- **Excerpts from a dataset**:
# # # #

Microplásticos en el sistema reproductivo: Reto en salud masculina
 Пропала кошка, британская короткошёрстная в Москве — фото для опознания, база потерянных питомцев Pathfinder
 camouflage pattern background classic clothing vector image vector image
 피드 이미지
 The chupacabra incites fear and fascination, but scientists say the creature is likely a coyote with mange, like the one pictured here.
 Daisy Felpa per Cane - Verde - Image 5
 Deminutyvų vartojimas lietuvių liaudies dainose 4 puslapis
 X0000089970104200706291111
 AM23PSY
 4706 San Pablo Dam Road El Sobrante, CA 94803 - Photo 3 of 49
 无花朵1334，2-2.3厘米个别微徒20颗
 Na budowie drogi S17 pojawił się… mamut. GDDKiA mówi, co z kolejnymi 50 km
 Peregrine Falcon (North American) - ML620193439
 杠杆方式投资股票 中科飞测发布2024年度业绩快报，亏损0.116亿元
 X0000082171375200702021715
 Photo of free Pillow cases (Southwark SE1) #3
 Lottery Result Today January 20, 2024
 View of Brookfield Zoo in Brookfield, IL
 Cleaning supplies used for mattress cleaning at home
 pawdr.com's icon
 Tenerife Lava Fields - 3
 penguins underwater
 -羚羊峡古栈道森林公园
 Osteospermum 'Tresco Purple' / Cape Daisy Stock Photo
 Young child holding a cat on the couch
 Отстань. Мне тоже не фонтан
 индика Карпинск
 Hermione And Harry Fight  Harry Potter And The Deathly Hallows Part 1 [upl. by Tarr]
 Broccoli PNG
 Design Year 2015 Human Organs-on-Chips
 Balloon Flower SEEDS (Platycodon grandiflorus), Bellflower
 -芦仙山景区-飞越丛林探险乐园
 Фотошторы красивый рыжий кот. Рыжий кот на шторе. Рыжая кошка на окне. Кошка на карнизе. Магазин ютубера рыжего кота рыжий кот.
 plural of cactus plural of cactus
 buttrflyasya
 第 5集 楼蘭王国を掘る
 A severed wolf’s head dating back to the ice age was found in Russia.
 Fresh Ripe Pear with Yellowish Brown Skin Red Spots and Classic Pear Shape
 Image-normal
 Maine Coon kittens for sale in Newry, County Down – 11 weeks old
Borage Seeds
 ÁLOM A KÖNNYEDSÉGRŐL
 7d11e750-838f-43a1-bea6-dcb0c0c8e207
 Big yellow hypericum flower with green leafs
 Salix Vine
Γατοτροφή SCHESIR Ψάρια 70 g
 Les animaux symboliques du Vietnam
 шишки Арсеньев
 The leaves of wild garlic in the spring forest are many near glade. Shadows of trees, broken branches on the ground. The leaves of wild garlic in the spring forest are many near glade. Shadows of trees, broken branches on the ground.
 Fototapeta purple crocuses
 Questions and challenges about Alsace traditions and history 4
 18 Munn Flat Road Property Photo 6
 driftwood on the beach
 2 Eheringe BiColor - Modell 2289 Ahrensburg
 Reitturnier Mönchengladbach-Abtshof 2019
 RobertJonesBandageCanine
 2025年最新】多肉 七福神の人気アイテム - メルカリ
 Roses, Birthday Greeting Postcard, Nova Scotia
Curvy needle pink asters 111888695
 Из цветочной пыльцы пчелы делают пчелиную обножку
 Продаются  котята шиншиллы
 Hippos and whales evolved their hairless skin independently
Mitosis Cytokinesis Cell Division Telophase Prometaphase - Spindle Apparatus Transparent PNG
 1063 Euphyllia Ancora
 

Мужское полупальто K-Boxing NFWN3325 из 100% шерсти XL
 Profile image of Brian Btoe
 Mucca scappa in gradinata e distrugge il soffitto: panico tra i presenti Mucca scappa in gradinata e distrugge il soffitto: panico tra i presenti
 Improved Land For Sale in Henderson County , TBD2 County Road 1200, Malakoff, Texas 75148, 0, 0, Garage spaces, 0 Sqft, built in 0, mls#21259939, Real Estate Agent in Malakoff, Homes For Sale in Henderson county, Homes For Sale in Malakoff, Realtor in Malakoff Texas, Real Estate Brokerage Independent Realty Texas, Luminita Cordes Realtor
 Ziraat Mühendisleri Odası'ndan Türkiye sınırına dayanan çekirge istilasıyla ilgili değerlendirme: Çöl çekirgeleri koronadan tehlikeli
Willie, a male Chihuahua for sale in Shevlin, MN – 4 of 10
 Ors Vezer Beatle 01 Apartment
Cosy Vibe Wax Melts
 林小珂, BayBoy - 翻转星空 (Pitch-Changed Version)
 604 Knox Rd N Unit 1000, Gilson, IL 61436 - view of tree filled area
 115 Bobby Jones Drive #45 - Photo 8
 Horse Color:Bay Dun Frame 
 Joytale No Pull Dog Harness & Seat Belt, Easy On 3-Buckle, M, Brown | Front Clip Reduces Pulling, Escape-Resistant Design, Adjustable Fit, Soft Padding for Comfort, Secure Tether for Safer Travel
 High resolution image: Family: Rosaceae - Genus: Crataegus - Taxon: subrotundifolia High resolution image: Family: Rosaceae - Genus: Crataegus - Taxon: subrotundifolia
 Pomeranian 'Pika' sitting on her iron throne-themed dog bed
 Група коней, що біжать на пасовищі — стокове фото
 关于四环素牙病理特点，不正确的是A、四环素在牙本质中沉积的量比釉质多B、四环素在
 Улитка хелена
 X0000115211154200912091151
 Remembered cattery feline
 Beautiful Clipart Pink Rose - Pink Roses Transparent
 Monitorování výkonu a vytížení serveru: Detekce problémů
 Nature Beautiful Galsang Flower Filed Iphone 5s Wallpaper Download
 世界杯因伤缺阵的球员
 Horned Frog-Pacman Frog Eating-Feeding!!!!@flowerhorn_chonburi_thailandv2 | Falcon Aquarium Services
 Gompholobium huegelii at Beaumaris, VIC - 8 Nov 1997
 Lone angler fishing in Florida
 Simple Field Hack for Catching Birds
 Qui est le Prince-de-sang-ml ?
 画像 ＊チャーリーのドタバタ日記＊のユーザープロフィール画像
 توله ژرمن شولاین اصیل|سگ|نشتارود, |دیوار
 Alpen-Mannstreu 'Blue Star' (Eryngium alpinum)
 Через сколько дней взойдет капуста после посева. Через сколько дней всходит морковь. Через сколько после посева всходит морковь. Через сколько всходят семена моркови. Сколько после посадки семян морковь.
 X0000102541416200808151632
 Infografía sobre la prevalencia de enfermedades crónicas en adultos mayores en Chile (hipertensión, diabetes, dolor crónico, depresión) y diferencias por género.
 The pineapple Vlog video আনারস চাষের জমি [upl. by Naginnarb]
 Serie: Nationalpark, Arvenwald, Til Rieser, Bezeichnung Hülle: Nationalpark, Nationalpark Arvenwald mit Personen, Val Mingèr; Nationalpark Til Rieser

# # # #

- **WHAT TO PRODUCE**:
Write out each record again, keeping every word as it is.

- **ANSWER TO THIS TASK**:
Microplásticos en el sistema reproductivo: Reto en salud masculina
 Пропала кошка, британская короткошёрстная в Москве — фото для опознания, база потерянных питомцев Pathfinder
 camouflage pattern background classic clothing vector image vector image
 피드 이미지
 The chupacabra incites fear and fascination, but scientists say the creature is likely a coyote with mange, like the one pictured here.
 Daisy Felpa per Cane - Verde - Image 5
 Deminutyvų vartojimas lietuvių liaudies dainose 4 puslapis
 X0000089970104200706291111
 AM23PSY
 4706 San Pablo Dam Road El Sobrante, CA 94803 - Photo 3 of 49
 无花朵1334，2-2.3厘米个别微徒20颗
 Na budowie drogi S17 pojawił się… mamut. GDDKiA mówi, co z kolejnymi 50 km
 Peregrine Falcon (North American) - ML620193439
 杠杆方式投资股票 中科飞测发布2024年度业绩快报，亏损0.116亿元
 X0000082171375200702021715
 Photo of free Pillow cases (Southwark SE1) #3
 Lottery Result Today January 20, 2024
 View of Brookfield Zoo in Brookfield, IL
 Cleaning supplies used for mattress cleaning at home
 pawdr.com's icon
 Tenerife Lava Fields - 3
 penguins underwater
 -羚羊峡古栈道森林公园
 Osteospermum 'Tresco Purple' / Cape Daisy Stock Photo
 Young child holding a cat on the couch
 Отстань. Мне тоже не фонтан
 индика Карпинск
 Hermione And Harry Fight  Harry Potter And The Deathly Hallows Part 1 [upl. by Tarr]
 Broccoli PNG
 Design Year 2015 Human Organs-on-Chips
 Balloon Flower SEEDS (Platycodon grandiflorus), Bellflower
 -芦仙山景区-飞越丛林探险乐园
 Фотошторы красивый рыжий кот. Рыжий кот на шторе. Рыжая кошка на окне. Кошка на карнизе. Магазин ютубера рыжего кота рыжий кот.
 plural of cactus plural of cactus
 buttrflyasya
 第 5集 楼蘭王国を掘る
 A severed wolf’s head dating back to the ice age was found in Russia.
 Fresh Ripe Pear with Yellowish Brown Skin Red Spots and Classic Pear Shape
 Image-normal
 Maine Coon kittens for sale in Newry, County Down – 11 weeks old
Borage Seeds
 ÁLOM A KÖNNYEDSÉGRŐL
 7d11e750-838f-43a1-bea6-dcb0c0c8e207
 Big yellow hypericum flower with green leafs
 Salix Vine
Γατοτροφή SCHESIR Ψάρια 70 g
 Les animaux symboliques du Vietnam
 шишки Арсеньев
 The leaves of wild garlic in the spring forest are many near glade. Shadows of trees, broken branches on the ground. The leaves of wild garlic in the spring forest are many near glade. Shadows of trees, broken branches on the ground.
 Fototapeta purple crocuses
 Questions and challenges about Alsace traditions and history 4
 18 Munn Flat Road Property Photo 6
 driftwood on the beach
 2 Eheringe BiColor - Modell 2289 Ahrensburg
 Reitturnier Mönchengladbach-Abtshof 2019
 RobertJonesBandageCanine
 2025年最新】多肉 七福神の人気アイテム - メルカリ
 Roses, Birthday Greeting Postcard, Nova Scotia
Curvy needle pink asters 111888695
 Из цветочной пыльцы пчелы делают пчелиную обножку
 Продаются  котята шиншиллы
 Hippos and whales evolved their hairless skin independently
Mitosis Cytokinesis Cell Division Telophase Prometaphase - Spindle Apparatus Transparent PNG
 1063 Euphyllia Ancora
 

Мужское полупальто K-Boxing NFWN3325 из 100% шерсти XL
 Profile image of Brian Btoe
 Mucca scappa in gradinata e distrugge il soffitto: panico tra i presenti Mucca scappa in gradinata e distrugge il soffitto: panico tra i presenti
 Improved Land For Sale in Henderson County , TBD2 County Road 1200, Malakoff, Texas 75148, 0, 0, Garage spaces, 0 Sqft, built in 0, mls#21259939, Real Estate Agent in Malakoff, Homes For Sale in Henderson county, Homes For Sale in Malakoff, Realtor in Malakoff Texas, Real Estate Brokerage Independent Realty Texas, Luminita Cordes Realtor
 Ziraat Mühendisleri Odası'ndan Türkiye sınırına dayanan çekirge istilasıyla ilgili değerlendirme: Çöl çekirgeleri koronadan tehlikeli
Willie, a male Chihuahua for sale in Shevlin, MN – 4 of 10
 Ors Vezer Beatle 01 Apartment
Cosy Vibe Wax Melts
 林小珂, BayBoy - 翻转星空 (Pitch-Changed Version)
 604 Knox Rd N Unit 1000, Gilson, IL 61436 - view of tree filled area
 115 Bobby Jones Drive #45 - Photo 8
 Horse Color:Bay Dun Frame 
 Joytale No Pull Dog Harness & Seat Belt, Easy On 3-Buckle, M, Brown | Front Clip Reduces Pulling, Escape-Resistant Design, Adjustable Fit, Soft Padding for Comfort, Secure Tether for Safer Travel
 High resolution image: Family: Rosaceae - Genus: Crataegus - Taxon: subrotundifolia High resolution image: Family: Rosaceae - Genus: Crataegus - Taxon: subrotundifolia
 Pomeranian 'Pika' sitting on her iron throne-themed dog bed
 Група коней, що біжать на пасовищі — стокове фото
 关于四环素牙病理特点，不正确的是A、四环素在牙本质中沉积的量比釉质多B、四环素在
 Улитка хелена
 X0000115211154200912091151
 Remembered cattery feline
 Beautiful Clipart Pink Rose - Pink Roses Transparent
 Monitorování výkonu a vytížení serveru: Detekce problémů
 Nature Beautiful Galsang Flower Filed Iphone 5s Wallpaper Download
 世界杯因伤缺阵的球员
 Horned Frog-Pacman Frog Eating-Feeding!!!!@flowerhorn_chonburi_thailandv2 | Falcon Aquarium Services
 Gompholobium huegelii at Beaumaris, VIC - 8 Nov 1997
 Lone angler fishing in Florida
 Simple Field Hack for Catching Birds
 Qui est le Prince-de-sang-ml ?
 画像 ＊チャーリーのドタバタ日記＊のユーザープロフィール画像
 توله ژرمن شولاین اصیل|سگ|نشتارود, |دیوار
 Alpen-Mannstreu 'Blue Star' (Eryngium alpinum)
 Через сколько дней взойдет капуста после посева. Через сколько дней всходит морковь. Через сколько после посева всходит морковь. Через сколько всходят семена моркови. Сколько после посадки семян морковь.
 X0000102541416200808151632
 Infografía sobre la prevalencia de enfermedades crónicas en adultos mayores en Chile (hipertensión, diabetes, dolor crónico, depresión) y diferencias por género.
 The pineapple Vlog video আনারস চাষের জমি [upl. by Naginnarb]
 Serie: Nationalpark, Arvenwald, Til Rieser, Bezeichnung Hülle: Nationalpark, Nationalpark Arvenwald mit Personen, Val Mingèr; Nationalpark Til Rieser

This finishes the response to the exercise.